It's the same situation. This costs you nothing.
To give us our money back is nothing. You would be the one who would benefit.
In that movie, Santy Claus took care of everything.
There was Macy's, Gimbels, but Santy Claus came and he fixed the whole thing.
We don't have Santy Claus.
Then we get him. Who?
Santa Claus. We get him. That's the ad campaign. There it goes.
I have the chills.
We get Santa Claus. He's the one on the billboard.
He hands us our nest egg.
We associate, for the first time ever, Christmas and Las Vegas.

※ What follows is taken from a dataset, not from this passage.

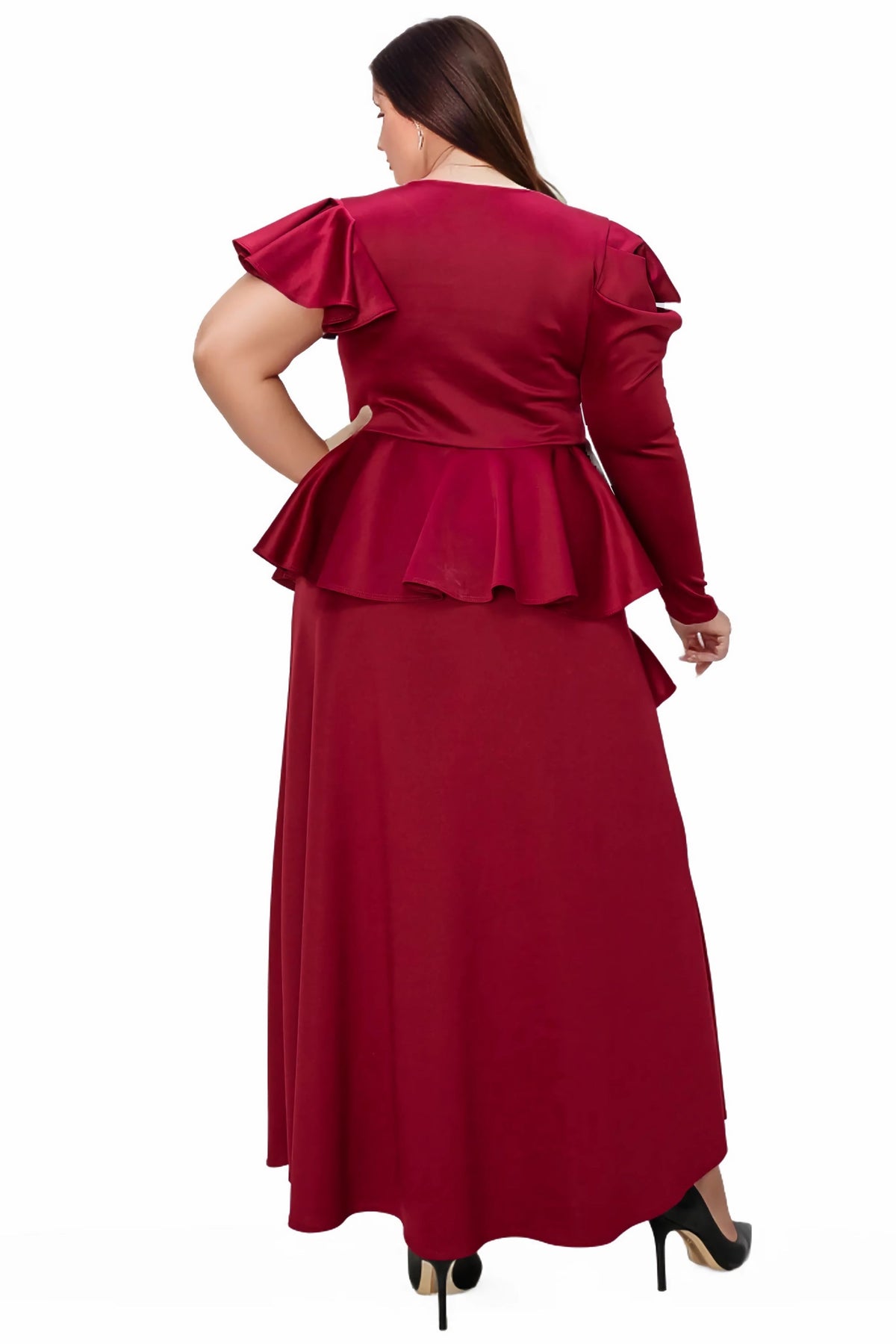 A woman modeling a long-sleeve maxi dress from the back, featuring ruffled shoulder details, a peplum waist, and a flowing skirt in a deep burgundy red, set against a plain white background.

Las Vegas, a Christmas place to be.
We're finished talking.
I can't take this anymore. Will you say something? Anything.
I mean, yell, scream, drive off the road. Anything. Just stop being so quiet.
You know, I feel horrible. I can't, I can't apologize enough.
You know, this is unnatural. You're gonna make yourself sick.
I understand. If I was you, I'd be furious.
But you just can't hold it in. You've gotta let it out. Come on.
Well, obviously, I can't keep apologizing for what I did.
So, why don't we talk about what we're gonna do.
Our dream's still the same. We just don't have any money.
I think that we should stop saying we don't have any money, because we do have some.
We have $802.
Well, that's something.
Yes, that's something.
I think that we should make the rest of the day as pleasant as possible.
You know, we're headed towards Hoover Dam.
Why don't we just make that our destination?
We could take a walk, maybe have a picnic.
Get some fresh air. Wouldn't that be nice?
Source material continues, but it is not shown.